Some signs of zinc deficiencies in plants are:
- Yellow leaf veins
- Stunted vertical growth
- Bunched leaves
- Delayed flower production
Compost tea uses high-quality compost to create a nutrient-rich liquid tea that can be used in hydroponic systems, at ground level to water plants, or as a foliar spray.
How to Make Compost Tea
You can purchase compost tea fresh from local garden centers or DIY.
Growers will need the following to make compost tea:
- Gallon-sized hydroponic container with a handle
- Water pump with a bubbler
- Nylon stocking
- Sterilized organic compost
Depending on the plant’s nutrient deficiencies, it can be used as a spray or liquid feed.
Fish Emulsion & Meal for Nitrogen Deficiencies
Fish emulsion and meal are excellent soil additives for addressing nitrogen deficiencies because they contain micronutrients. Fish emulsion is left over after the fish has been pressed for oil. Fish meal is made up of the inedible parts of a fish ground into a fine powder.
Both fish emulsion and fish meal are meant to enhance soil. The emulsion allows younger leaves on plants quick access to available nitrogen, and the meal provides a slow and steady nitrogen release.
Gypsum for Calcium Deficiencies
Gypsum is a mineral that’s a hydrated form of calcium sulfate. It’s used for correcting sodium pH levels and is an excellent source of calcium. In addition to helping the plant’s nutrient uptake, adding it directly to the top of soil that has developed a hard crust will break it up and allow more water drainage.

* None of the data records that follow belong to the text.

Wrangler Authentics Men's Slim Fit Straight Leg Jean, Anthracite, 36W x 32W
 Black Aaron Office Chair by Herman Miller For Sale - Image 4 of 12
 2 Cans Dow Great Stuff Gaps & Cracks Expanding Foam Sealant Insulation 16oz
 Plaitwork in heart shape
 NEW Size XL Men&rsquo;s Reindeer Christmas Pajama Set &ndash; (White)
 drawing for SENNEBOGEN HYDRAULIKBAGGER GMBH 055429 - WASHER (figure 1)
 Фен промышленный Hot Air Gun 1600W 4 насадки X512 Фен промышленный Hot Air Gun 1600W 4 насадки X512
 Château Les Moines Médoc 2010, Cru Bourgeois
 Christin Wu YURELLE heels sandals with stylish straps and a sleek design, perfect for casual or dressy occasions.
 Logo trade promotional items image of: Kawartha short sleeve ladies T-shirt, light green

Iron Supplements for Iron Deficiencies
Chelated iron is the most common form of iron supplement for plants. It should be added to plant tissue by itself, as any other fertilizer could cancel out the effects of the iron supplement.
Some signs of iron deficiency in plants are:
- Chlorosis – yellowing plant leaves (sometimes brown tips or white in extreme cases)
- Interveinal chlorosis- yellowing plant leaves with dark green veins
Iron deficiency commonly happens when the soil pH is off, as it can block the roots from absorbing vital micronutrients.
Magnesium Sulfate for Magnesium Deficiencies
Magnesium sulfate, commonly known as Epsom salts, has been an essential nutrient additive for ages. A teaspoon of magnesium sulfate in a water reservoir can address sulfur or magnesium deficiency. It can also be used as a foliar spray.
Some signs of sulfur and magnesium deficiency in plants are:
- Yellow veins or leaves — sometimes with red, brown, or purple tints
- Small new leaves
- Slow plant growth
- Poor crop production
There are many ways that a plant nutrient deficiency can happen. However, when caught and addressed early, plants and their roots will unlikely sustain any permanent damage. Growers must be aware of the signs of nutrient deficiencies in plants and be familiar with the various methods of correcting them with organic matter.